January 18th 1830
Frozen wilderness, United States of America, Border of Canada. Iroquois Longhouse
Personal Journal of Leon Wagner.
Tenth Entry.
Afterwards, the rest of a day seemed all a blur. A hellish nightmare that would never end.
We collected the dead, and helped the wounded for what seemed an eternity. Most died of their wounds. There was nothing we could do. We carried the slain out that morning in rows upon rows stretched and wrapped across the snow. It was then I could see the entire cost of my selfish failure and idiocy.
Sixteen.
Sixteen butchered, mutilated and eaten. Men, Women, And children. As if these people hadn't already suffered enough thanks to mine. Half of the tribe. An entire portion of this generation. Just....Gone...And it was all my fault. In that moment. I had never so longed for death myself. Soon it seemed my wish was granted.
The other warriors and even a few women carried me out into the snow with tears in their eyes. Kicking and beating my skull unrelentingly. Wanting to kill me in turn for what terror I had brought upon them all. I wanted to let them finish me. I deserved it. But Gliding hawk intervened yet again. Carried out on a makeshift stretcher by one of the surviving mothers.
"Stay out of this old man!!!!" Mountain wolf's widow screamed. Enraged at the her father in law's interruption of justice.
"Everyone....Please.." This will not solve anything. Gliding Hawk said aloud in the cold. The light of the blood red sunset hitting his stern remorseful face. Mountain wolf's widow sternly replied in anger at the old warrior's interruption.
"MY husband is dead!! He is dead because of this invader!!!! This man helped kill him along with my parents!!!! He must die for bringing this masacare upon all of us!!! And you would have use leave him be??!!! How many more of us must die for them!!!!????
Gliding Hawk sighed in grave disappointment. He struggled to find a sound argument against her words. The aging, broken warrior then gestured for the mother beside to help him stand and hold him atop his feet by the arms. She was weak and injured, but still stood strong to assist her elder however she could.
The former chieftain then looked directly upon the angry mob and his grief stricken daughter in law holding a knife to my throat. Even if his body was now broken. His strong words would carry all that he needed to say for his people to hear. And right now. They needed them more than ever.
"This man did not kill your husband Adisila...."
"I did."
The mob grew silent as the grave. Gliding Hawk continued.
"My brothers. My sisters....We.. have lost so much tonight. Friends. Family. Loved ones. All gone. Even my beloved son. He thought as you do now Adisila. That we shouldn't trust the words of a man who come's from their land's across the sea. But this warrior was sent here to end a problem. Incredible as it sounds. Not start one even if this terror had nothing to do with him to begin with. Gliding hawk looked upon each of the warriors and then Adisila scowling and biting her lip in tears. Not taking her eyes off her husbands killer.
"Our problem." Gliding hawk sternly said. "Our responsibility that we let fester and boil in our very own home. A disease we left untreated for to long, thinking it would spread upon other's, never imagining it could affect us. Only now. This disease has come back to it's source. And this...."
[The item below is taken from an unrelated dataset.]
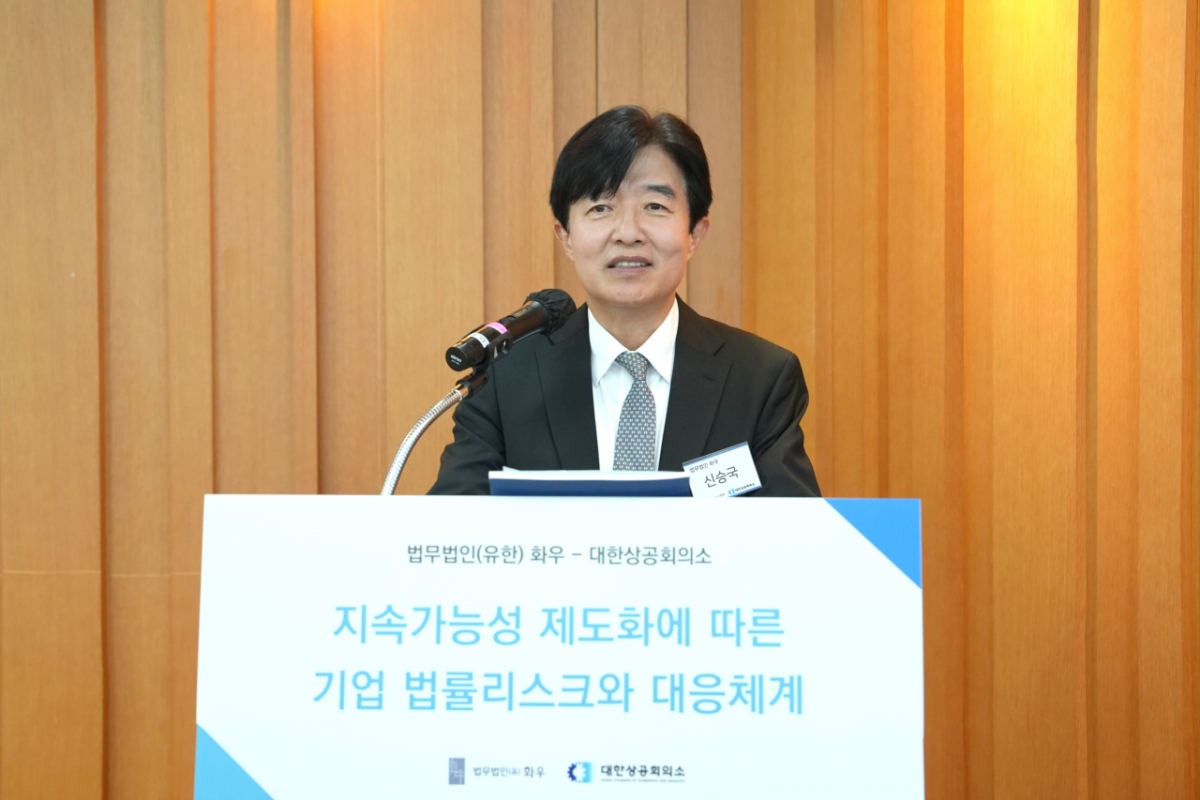 화우 신승국 ESG센터장./사진제공=법무법인 화우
Gliding hawk gestured to the fallen pile of his tribe in pure sorrow. The flies already beginning to swirl.
This is the result of our arrogance and fear. We have only hastened our demise tonight as a culture for the sake of vengeance and distrust. We may never recover from this tragedy we have helped bring upon ourselves. Suffering has now become a part of our peoples lives even further. It will stay with us always. But how we respond determines everything. We must stand tall in order to finish what we started even in the face of tragedy one last time.
It must end. TONIGHT. The time has come to put a stop to this madness when no one else would bother. Not even us. Things have gotten so bad. They had to send this man from the other side of the globe! Just think about that for a second.!!! He risked so much in coming here to help us end this problem we have ignored for far too long!!!
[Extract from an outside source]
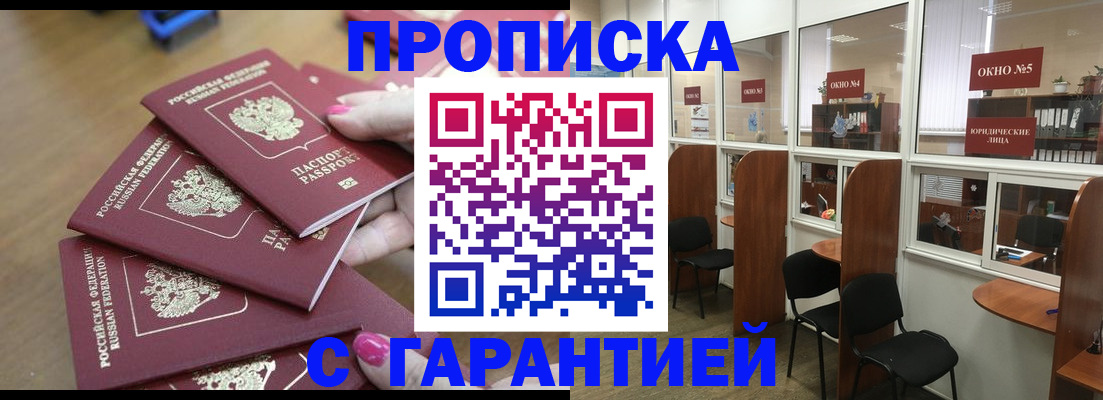 прописка поиск в Николаевске-на-Амуре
Gliding hawk then grunted in pain. His caretaker wanted to lay him back down. But told her to help him carry on. He must do this all the way to the end.
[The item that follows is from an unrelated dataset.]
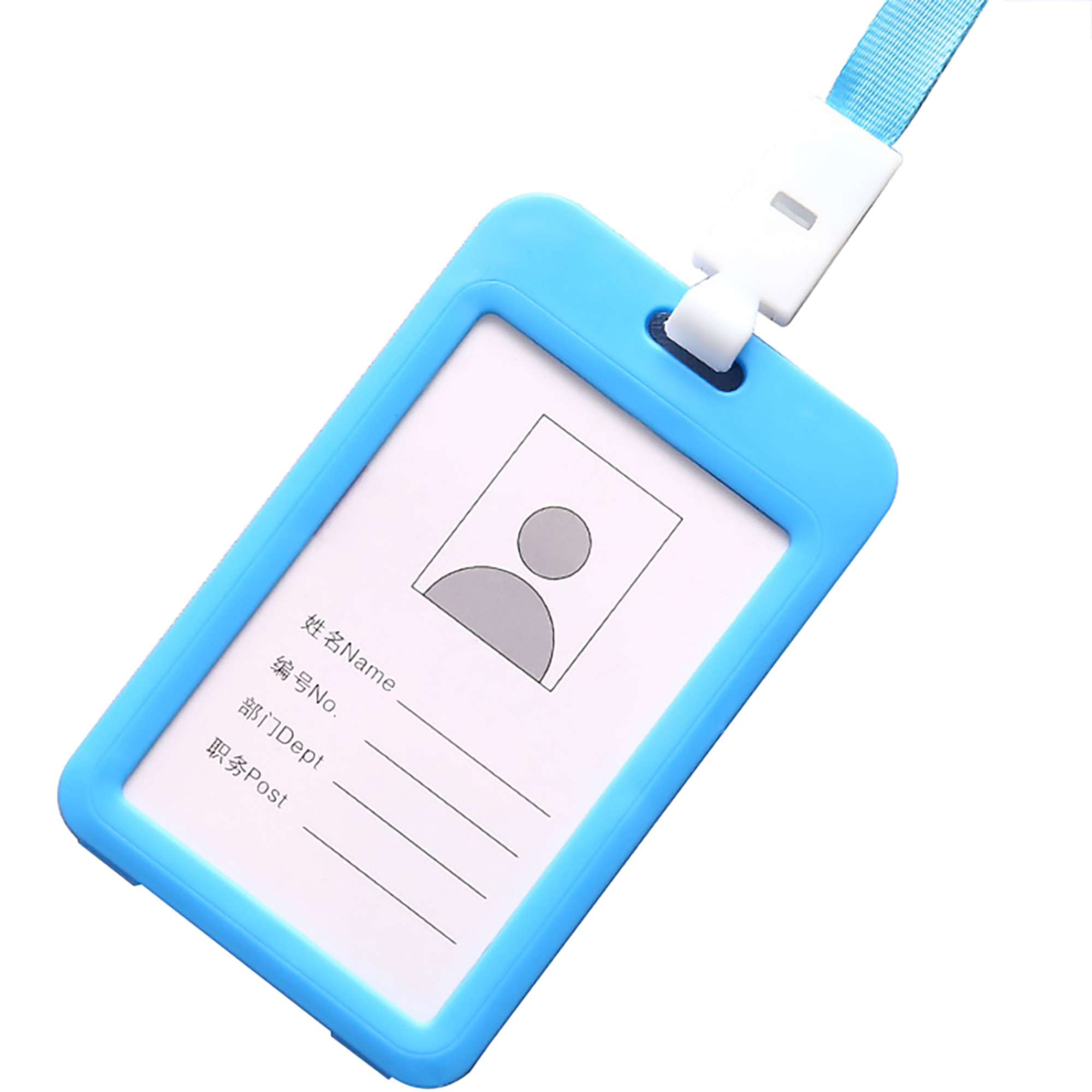 Polypropylene ID Card Holder w/Lanyard 2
Please....My friends Let it be the last noble thing we ever did as a proud people. Not as cowards. Not as weak remnants. But as Iroquois. Hunters. Leaders. Warriors. That is who we are. That is what we always were. And we must be so again. Before there is nothing left of us to be able to do so.
We need this man. I have seen his courage and compassion first hand. He saved your son's body from being eaten by the creatures. He saved me from freezing in the river. He may have created the trail for the creatures. But it was a trail we all helped plant the seeds for. If any is to die tonight for betraying our people. Let it be me.
Adisila above me hesitated. I could hear the grinding of her teeth in rage. I could feel her knife shaking as her grief filled hand holding the cold steel tightly against my skin began inching away slowly, fighting against every thought of vengeance she wished to indulge. She released her hold. Leaving me kneeling before the mob in silence. But her next action I feel far more ashamed of.
The woman then ripped off the spare buckskin shirt I had been given by her now dead father from the attack and stared down at me with pure hatred, towering above in a cold uninviting rage. A rage even more intense than mine of vampires.
You.
Don't.
"Deserve this."
You will kill the beast with the men tonight. She scowled. Her gaze frightening and cold as her husband. Then, you will leave these lands as soon as it is dead. And if you even think of coming back...." Adisila then pointed the knife down at my head. She wasn't used to weapons. But she clearly was serious about using this one.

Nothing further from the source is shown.